§ Provided data:

===============

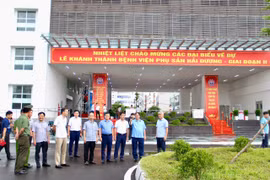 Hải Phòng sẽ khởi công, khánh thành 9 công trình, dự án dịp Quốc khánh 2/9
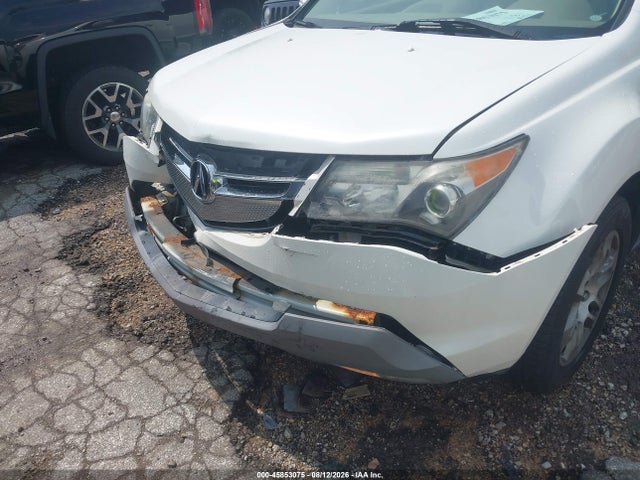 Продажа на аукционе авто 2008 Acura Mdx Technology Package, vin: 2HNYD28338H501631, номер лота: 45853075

===============

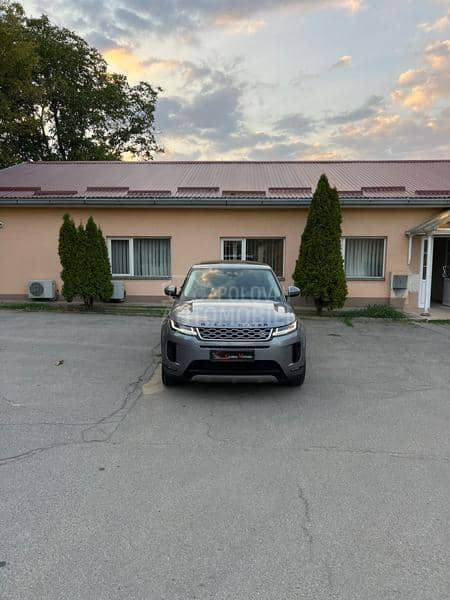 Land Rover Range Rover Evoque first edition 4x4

===============

§ Task instructions: Look above for the line with "Hải Phòng sẽ" and the line with "Продажа на аукционе". Copy them and every line between, exactly, but no pictures.

§ Task result:
 Hải Phòng sẽ khởi công, khánh thành 9 công trình, dự án dịp Quốc khánh 2/9
 Продажа на аукционе авто 2008 Acura Mdx Technology Package, vin: 2HNYD28338H501631, номер лота: 45853075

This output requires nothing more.